Jonathan prévient que le Nigeria normalise la violence et les meurtres

Maria

Bonne chance Jonathan X

L’ancien président Goodluck Jonathan a averti samedi que le Nigeria traitait progressivement les meurtres et la violence comme une routine, lançant un appel au renouveau moral et spirituel lors du 13e synode du diocèse anglican d’Abuja qui s’est tenu à l’église anglicane St James, à Asokoro.

Jonathan a déclaré que le niveau croissant de violence et de destruction à travers le pays a affaibli le sentiment d’humanité de la nation et a appelé à une réflexion morale et nationale urgente. S’exprimant dans un message de bonne volonté au Synode, il a déclaré que les incidents qui provoquaient autrefois un chagrin collectif et une indignation nationale passent désormais largement sans réponse.

Jonathan a appelé à une réflexion nationale, à un renouveau spirituel et à un leadership responsable face à l’aggravation des défis sociaux et sécuritaires du pays.
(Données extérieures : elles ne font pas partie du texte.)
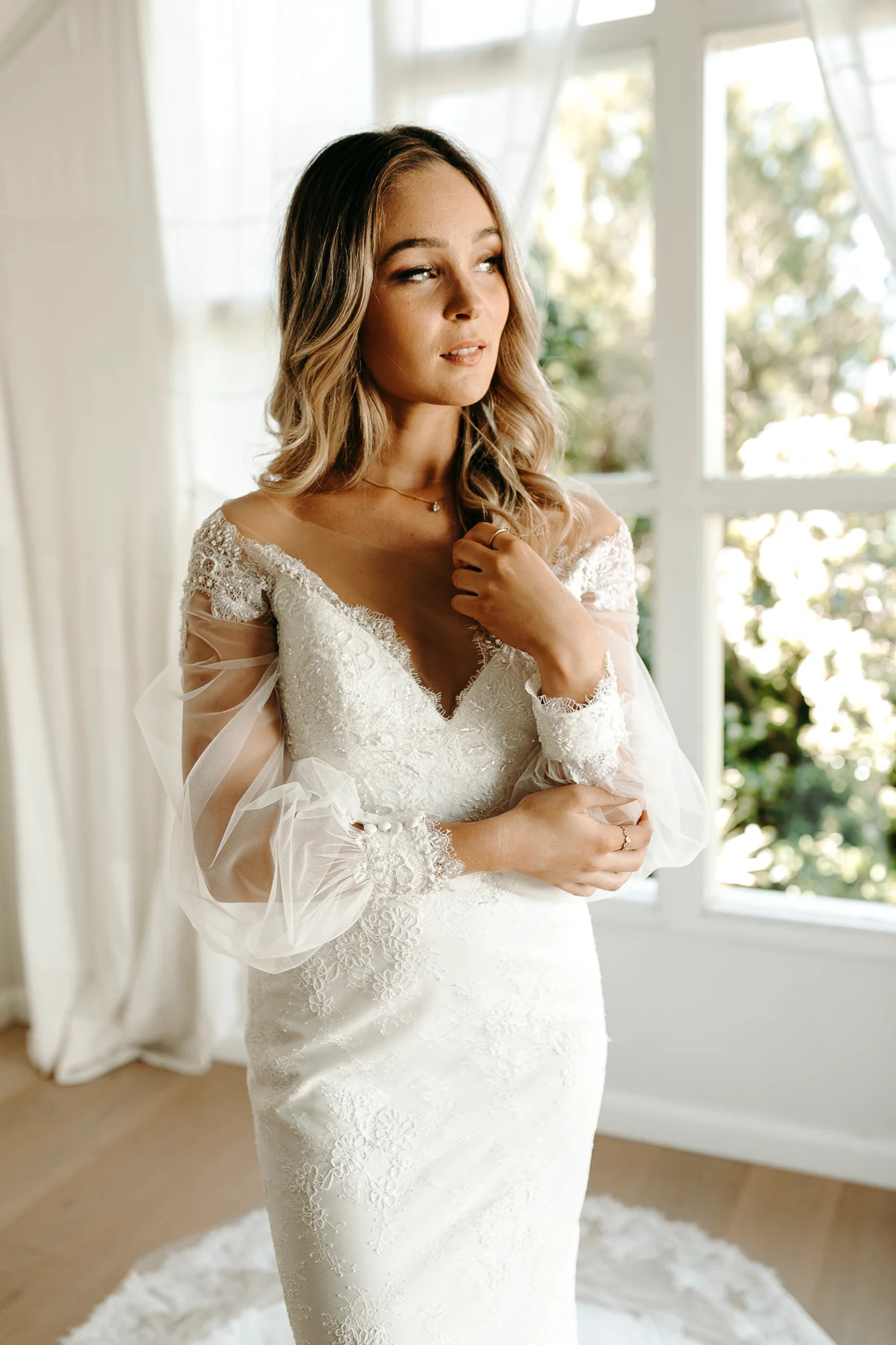 Bride in a lace long-sleeve wedding dress standing by a bright window with soft natural light.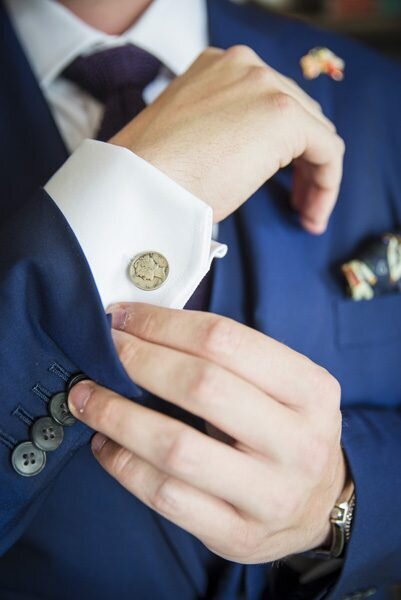 A close up shot of a groom adjusting his sleeve and cufflink.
Il a également souligné le rôle de la technologie dans l’accélération de la propagation de valeurs néfastes, avertissant que les plateformes et les systèmes d’information permettaient de célébrer le mal plutôt que le bien.

Étaient également présents à l’événement l’ancien chef d’État militaire, le général Yakubu Gowon, l’ancien gouverneur de l’État d’Imo, Emeka Ihedioha, et le sénateur Ireti Kingibe, qui représentait le président du Sénat, Godswill Akpabio.

Les remarques de Jonathan ont accompagné un vaste discours sur l’état de la nation prononcé par le primat anglican Henry Ndukuba, qui a abordé l’insécurité, l’inflation, le chômage et le climat politique à l’approche des élections de 2027. Ndukuba a noté que même si l’inflation avait chuté de 27,6 pour cent en avril 2025 à 15,15 pour cent en décembre 2025 avant de remonter à 15,38 pour cent en mars 2026, et que le naira se soit stabilisé autour de 1 380 Naira pour un dollar, ces améliorations ne s’étaient pas traduites par un soulagement pour les Nigérians ordinaires.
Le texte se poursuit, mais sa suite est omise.